Court of Appeal of Genoa, 24 November 2025, No. 1282
Legal Principle
A challenge to a contractual arbitration award (arbitrato irrituale), pursuant to Article 808-ter of the Code of Civil Procedure, may be brought exclusively by a party who has acquired party status in the arbitration proceedings in which the award was rendered, given that the substantive effects of the arbitral determination affect only the parties to the arbitration agreement. It follows that the arbitrators, by reason of their position of impartiality and absolute detachment in substantive terms from the effects of the award, lack standing as defendants in proceedings for a declaration of nullity or annulment of the award.
An uncontested payment order, by which payment is sought of the fees for the activity performed by the arbitrators and for the deposit of the award, acquires the effect of res judicata not only as regards the claim brought, but also in relation to the legal basis underpinning it, with the consequence that any further examination of the grounds adduced in support of the related claim in other proceedings is precluded, including an action for liability brought against the arbitrator for alleged breach of the arbitration mandate.
In contractual arbitration (arbitrato irrituale), which may be qualified as a collective or joint mandate conferred upon the arbitrators for the resolution of the dispute by means of a contractual instrument, each arbitrator may validly ratify the acts of the others by adopting them as his own, so that an arbitral determination signed by only one of the arbitrators and subsequently adopted by the others, even through conduct by implication or by entering an appearance in proceedings in which authorship is claimed, must be deemed validly decided by the arbitral tribunal.
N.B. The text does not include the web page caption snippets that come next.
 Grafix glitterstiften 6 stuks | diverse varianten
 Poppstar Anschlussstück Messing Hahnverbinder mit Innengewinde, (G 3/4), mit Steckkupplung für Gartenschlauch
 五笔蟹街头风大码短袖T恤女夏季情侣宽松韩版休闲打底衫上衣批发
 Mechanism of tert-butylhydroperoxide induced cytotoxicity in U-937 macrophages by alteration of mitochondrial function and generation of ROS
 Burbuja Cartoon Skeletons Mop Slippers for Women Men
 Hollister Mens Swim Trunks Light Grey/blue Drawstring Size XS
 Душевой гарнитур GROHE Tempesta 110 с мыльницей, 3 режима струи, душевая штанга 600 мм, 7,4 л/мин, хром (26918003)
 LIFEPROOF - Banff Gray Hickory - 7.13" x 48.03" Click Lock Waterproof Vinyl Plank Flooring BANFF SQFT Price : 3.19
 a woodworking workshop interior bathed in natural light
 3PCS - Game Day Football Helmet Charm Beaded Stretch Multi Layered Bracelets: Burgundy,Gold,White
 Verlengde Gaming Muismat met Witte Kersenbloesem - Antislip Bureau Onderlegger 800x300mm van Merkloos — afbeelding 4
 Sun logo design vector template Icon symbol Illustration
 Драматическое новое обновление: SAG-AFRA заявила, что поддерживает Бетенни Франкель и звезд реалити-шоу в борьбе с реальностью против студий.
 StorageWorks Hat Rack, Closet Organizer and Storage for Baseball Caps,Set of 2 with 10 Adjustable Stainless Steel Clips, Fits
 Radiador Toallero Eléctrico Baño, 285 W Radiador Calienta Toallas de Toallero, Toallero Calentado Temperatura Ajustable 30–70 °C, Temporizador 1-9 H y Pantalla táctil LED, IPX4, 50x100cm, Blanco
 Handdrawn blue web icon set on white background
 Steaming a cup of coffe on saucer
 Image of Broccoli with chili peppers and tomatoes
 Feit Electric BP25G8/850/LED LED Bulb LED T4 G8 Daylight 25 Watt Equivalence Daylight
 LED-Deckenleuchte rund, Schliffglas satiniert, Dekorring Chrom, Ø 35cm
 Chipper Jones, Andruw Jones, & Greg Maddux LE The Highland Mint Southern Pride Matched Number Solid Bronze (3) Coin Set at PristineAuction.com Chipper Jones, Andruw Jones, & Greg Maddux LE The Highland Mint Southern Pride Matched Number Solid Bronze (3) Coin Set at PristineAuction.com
An arbitration clause referring to any dispute relating to the interpretation and performance of the contract does not include a claim for damages based on the failure to perform or defective performance of the arbitral award, since, notwithstanding the breadth of its formulation, it remains in any event referable to the contract and not to the award, an ontologically distinct and autonomous instrument forming the basis of the claim for damages.